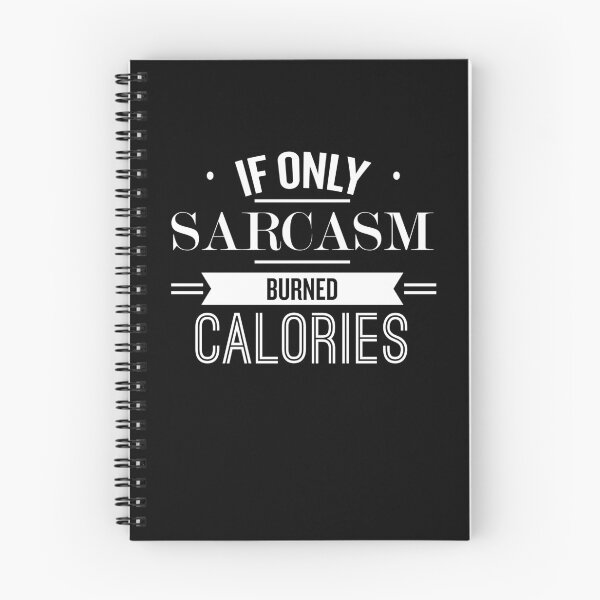 Item preview, If Only Sarcasm Burned Calories - Funny Saying  designed and sold by theTeeLife.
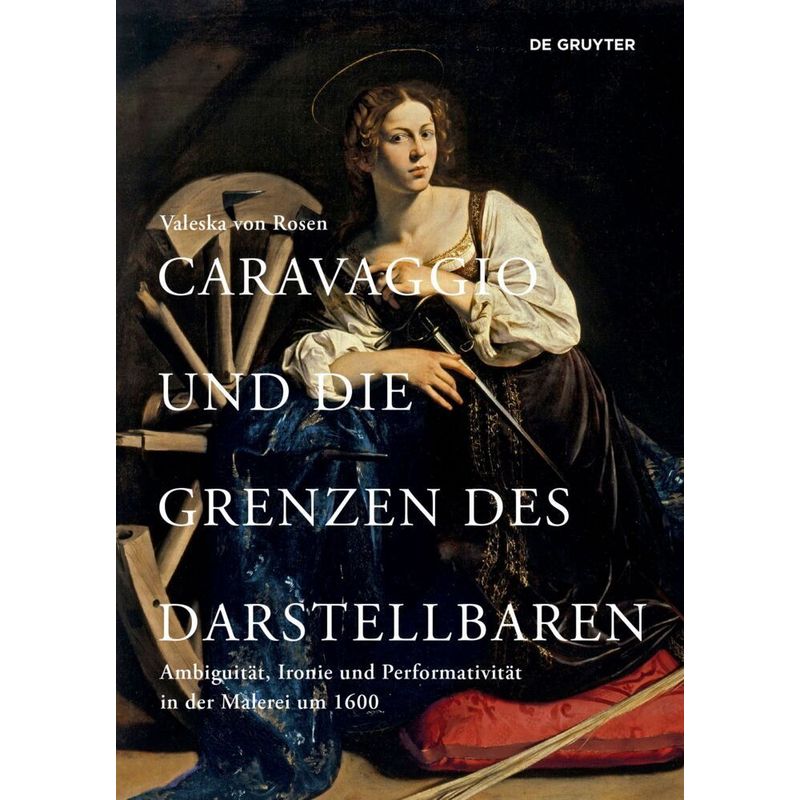 Caravaggio Und Die Grenzen Des Darstellbaren - Valeska von Rosen, Gebunden von De Gruyter
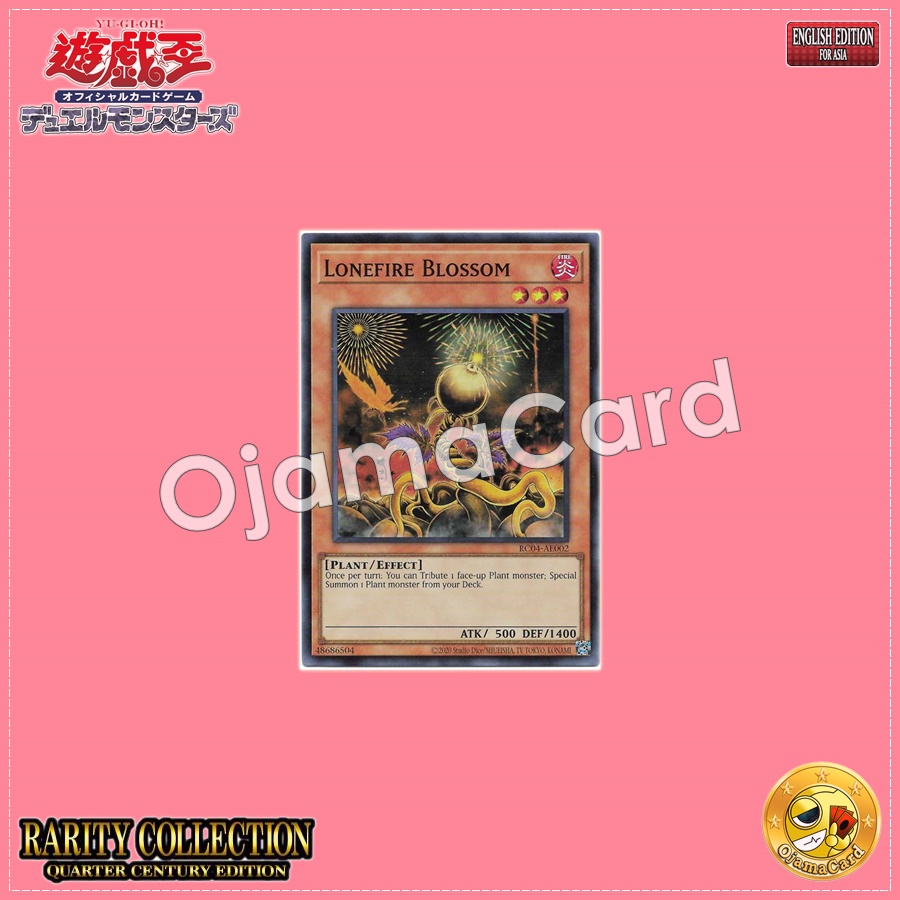 RC04-AE002 : Lonefire Blossom (Collector's Rare)
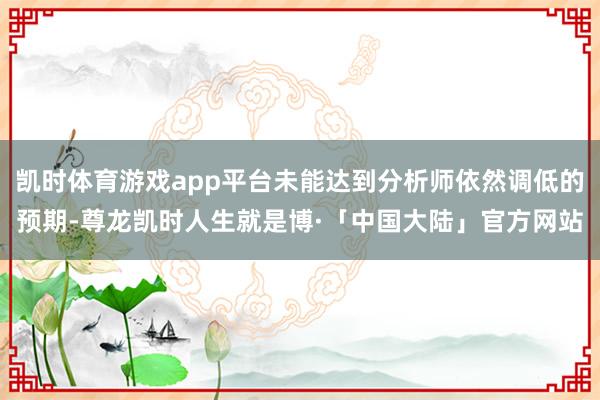 凯时体育游戏app平台未能达到分析师依然调低的预期-尊龙凯时人生就是博·「中国大陆」官方网站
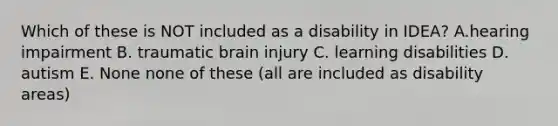 Which of these is NOT included as a disability in IDEA? A.hearing impairment B. <a href='https://www.questionai.com/knowledge/k5f1AYX76w-traumatic-brain-injury' class='anchor-knowledge'>traumatic brain injury</a> C. learning disabilities D. autism E. None none of these (all are included as disability areas)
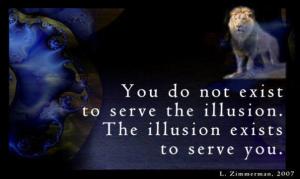 Illusion-exists-to-serve-you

■ **Work order**
Word for word, output the whole listing, but not its pictures.

■ **Exercise solution**
 Item preview, If Only Sarcasm Burned Calories - Funny Saying  designed and sold by theTeeLife.
 Caravaggio Und Die Grenzen Des Darstellbaren - Valeska von Rosen, Gebunden von De Gruyter
 RC04-AE002 : Lonefire Blossom (Collector's Rare)
 凯时体育游戏app平台未能达到分析师依然调低的预期-尊龙凯时人生就是博·「中国大陆」官方网站
 Which of these is NOT included as a disability in IDEA? A.hearing impairment B. <a href='https://www.questionai.com/knowledge/k5f1AYX76w-traumatic-brain-injury' class='anchor-knowledge'>traumatic brain injury</a> C. learning disabilities D. autism E. None none of these (all are included as disability areas)
 Illusion-exists-to-serve-you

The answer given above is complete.